In seinem Schreiben an die Netflix-Produktion, das Hancock auf seiner Facebook-Seite veröffentlicht hat, erläutert die OHC das Drehverbot vor Ort wie folgt:
„(…) Als Verwalter im Auftrag der Menschen von Ohio, heute wie damals und der amerikanischen Indianerstämme, deren Vorfahren die Hügel erbaut haben, ist es unsere Aufgabe, die Integrität des Serpent Mound sowohl physisch wie auch die seiner historischen Interpretation zu schützen und zu bewahren. (…) Da der Moderator Ihrer Serie, Graham Hancock, eine Theorie und Geschichte vorschlägt, die nicht mit dem, was wir als Wahrheit über den Serpent Mound wissen, übereinstimmt, lehnen wir Ihre Anfrage (nach einer Drehgenehmigung) ab.”
Hintergrund
Vorangegangen war der Entscheidung eine internationale Kontroverse in Folge des großen Zuschauererfolges der bislang 8-teiligen „Ancient Apocalypse“ auf Netflix, die schon nach wenigen Wochen in die weltweite Top10 des Streaminganbieters aufrückte und seither mehr 24 als Millionen Stunden gesehen wurde.Die Kritik der internationalen akademischen Archäologiegemeinde konzentriert sich dabei auf die Kernaussagen Hancocks, der in vorgeschichtlichen archäologischen Hinterlassenschaften Hinweise auf eine untergegangene und heutzutage kollektiv vergessene menschliche Hochkultur auf der Erde sieht, in deren Erbe (laut Hancock) die Grundlage für die heutige nachsintflutliche Kultur gelegt wurden. Einige Archäologen und Historiker und Journalisten unterstellen Hancock hierbei neben pseudowissenschaftlicher Argumentation auch verschwörungstheoretisches Denken bis hin zu einer rassistischen Verkehrung der Geschichte und bezeichnen Die Doku als die „gefährlichste Netflix-Sendung“.

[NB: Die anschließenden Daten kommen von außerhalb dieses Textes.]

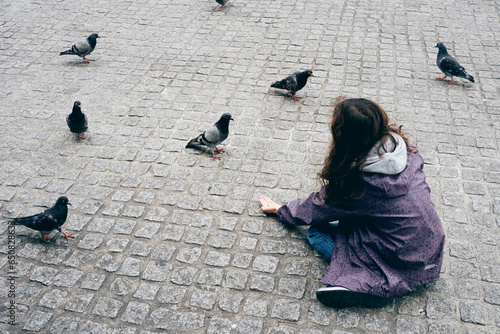 Photography A kid feeding the doves of Amsterdam.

Doch während die Debatte um die „Wissenschaftlichkeit“ eines wissenschaftlichen Grenzbereichs und deren Brandmarkung als Pseudowissenschaft bereits einen seit Jahrzehnten bekannten Vorgang darstellt, tut man sich bei einem wenn auch kritischen, aber dennoch ehrlichen Analyse von Hancocks Theorien schwer, darin rassistische Ideologien zu finden.

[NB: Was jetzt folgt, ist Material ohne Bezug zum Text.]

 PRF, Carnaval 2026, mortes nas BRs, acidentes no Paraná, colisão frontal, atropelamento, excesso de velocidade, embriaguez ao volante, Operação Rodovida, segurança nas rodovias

Grundlage letzterer Behauptungen dürfte die Unterstellung sein, dass alternative archäologische Deutungen bestimmter Funde, die nicht den bereits bekannten Ureinwohnern und indigenen Völkern und Stämmen der jeweiligen Fundregion zugeschrieben werden, den Versuch darstellen, geistige und physische Errungenschaften dieser Ureinwohner in Abrede zu stellen, – sei dies nun durch eine unbekannte, vorangegangene irdische Kultur oder gar durch außerirdische Besucher. Während es durchaus Autoren und Autorinnen gibt, die derart revisionistische Bemühungen verfolgen, sollte gerade mit einem derart schweren Vorwurf sorgsam umgegangen werden, da nicht jeder Vertreter alternativer archäologischer und historischer Konzepte derartiges beabsichtigt. Zumindest in Hancocks Aussagen finden sich keine Behauptungen, die die Erbauer antiker Stätten ihren indigenen Ursprungsorten und Ländern entreißen wollen – sei dies nun ins ferne All oder flache Hohlerden.
Das Entreißen des Great Serpent Mounds aus dem indigenen Erbe der Ohio-Region ist auch aktuell nicht das Ziel von Hancock Argumentation. Lediglich das Alter der Anlage datiert der Autor deutlich vor. Während das OHC der aktuellen Lehrmeinung folgt und die Anlage den Adena (800 bis 100 n. Chr.) und weitere Bilderhügel sogar der noch jüngeren Fort-Ancient-Kultur (1000 bis 1650 n. Chr.) zuschreibt, sieht Hancock in der Ausrichtung der „Großen Schlange“ Hinweise auf einen Erbauungszeitpunkt vor rund 12.000 Jahren. Tatsächlich macht Hancock keine „fremden Baumeister“ für die amerikanischen Bilderhügel verantwortlich, sondern eben eine besagte (heute in Vergessenheit geratene) indigene Vorgängerkultur. Hancock selbst erklärte hierzu: „Nur um das nochmals zu unterstreichen, wer mein Buch liest, wird schnell feststellen, dass ich den Bau des Serpent Mound einzig und allein den Ureinwohnern Amerikas zuspreche.“
Und tatsächlich benennt Hancock hierfür auch Indizien: Noch heute weist der Kopf der Großen Schlange aus den Sonnenuntergangspunkt am Horizont zur Sommersonnenwende. Allerdings sei die Ausrichtung der Schlange auf diesen Punkt nicht exakt, so der Autor.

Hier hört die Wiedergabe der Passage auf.